Netflix acaba de estrenar la adaptación de la novela Cien años de soledad, de Gabriel García Márquez. La primera parte de la serie tiene ocho capítulos de una hora, aunque la sensación de visionado puede parecer mucho más larga, incluso eterna. En vida, el escritor fue muy explícito a la hora de rechazar cualquier adaptación audiovisual, alegando que el cine homogeneizaba la percepción de la historia. Elimina la virtud de la literatura para que cada lector imagine libremente a los personajes y, sobre todo, al Macondo anhelado. Rodrigo García, el hijo mayor de García Márquez, es el productor ejecutivo de la serie y ha asegurado que han respetado los tres condicionantes que supuestamente exigió su padre: que se contara con muchas horas, que se rodara en castellano y que pasara en Colombia. Tres aspectos que no son garantía de éxito en el resultado final.
Es utópico, pero lo ideal sería evitar comparaciones con la novela. Y, además, el guión lo hace muy difícil. La serie tiene una dependencia excesiva del texto, está obsesionada con la literalidad de la novela. Una voz en off incorpora pasajes de la obra y demasiadas veces es redundante. Cuando descubrimos visualmente a Macondo, este narrador omnisciente nos lo describe simultáneamente. Es como si la serie no confiara en sus propias posibilidades de comunicar, o como si quisieran exhibirnos hasta qué punto la imagen es fiel a lo que escribió García Márquez. Es una necesidad miedosa de remarcarnos el texto para que lo comparemos. El problema es que esta voz en off acaba resultando afectada y monótona, pretenciosamente poética, forzando el clima narrativo. El realismo mágico de la novela se contamina de efectismo visual. El resultado es una artificialidad naíf. Hay algunas escenas innegablemente hermosas, plásticamente fascinantes, pero parece falso. Está a medio camino entre la publicidad y la creación digital. El casting contribuye a potenciar esta carencia de realismo porque incluso en la elección de los secundarios y los extras han caído en los estereotipos femeninos y masculinos más hegemónicos. Las escenas de sexo son utilizadas como señuelo, con un claro sesgo de género. Los cuerpos exuberantes femeninos están más expuestos que los masculinos.

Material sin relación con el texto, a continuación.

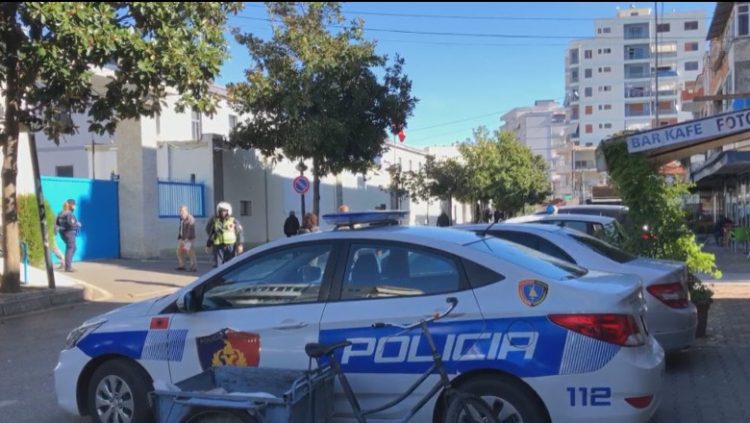 Aksidenti në Sarandë, policia jep detajet: Automjeti drejtohej nga një 17-vjeçar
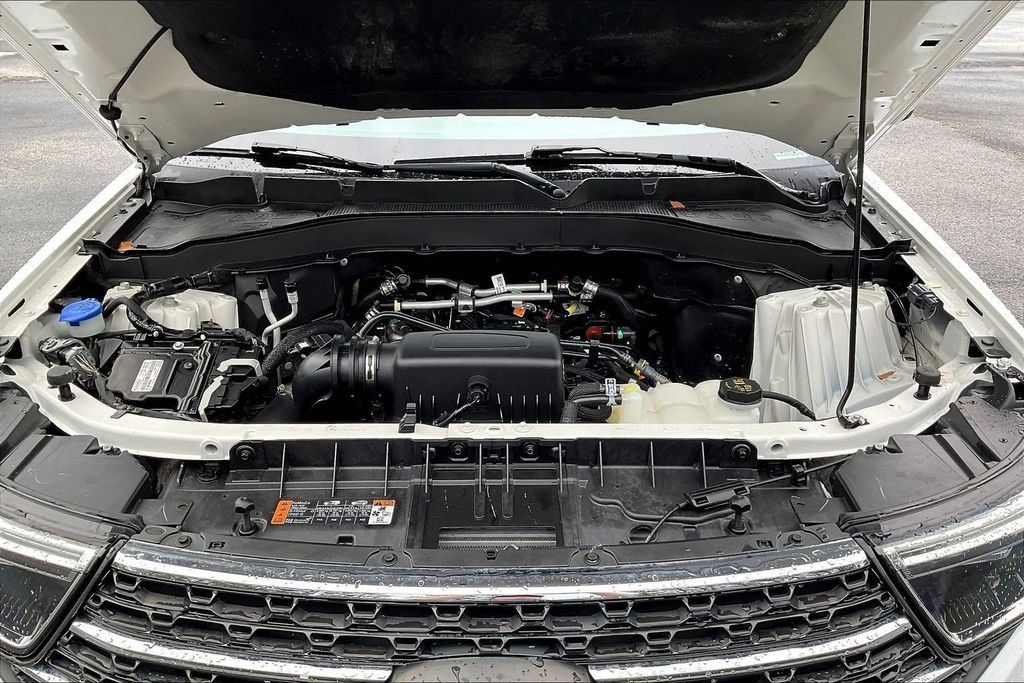Used 2024 Ford Explorer XLT w/ Equipment Group 202A AWD/4WD image 34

Los capítulos no están bien articulados. Es como si se hubiera cortado a pedazos una película de ocho horas, en partes de sesenta minutos, sin fijarse en el ritmo interno y los conflictos de cada historia. No existe un tempo narrativo audiovisual sino que todo parece ir a ritmo de lectura. Si no supiéramos que se trata de la adaptación de la novela no entenderíamos hacia dónde avanza la trama ni qué nos quieren explicar. Es una especie de puesta en escena que se va dilatando, cayendo más en la recreación visual grandilocuente que en el dominio narrativo audiovisual y la voluntad de realizar una buena adaptación de la historia. Puede llegar a ser tan rematadamente aburrida que piensas que si Gabriel García Márquez levantara la cabeza y viera la serie de Netflix, se volvería a morir.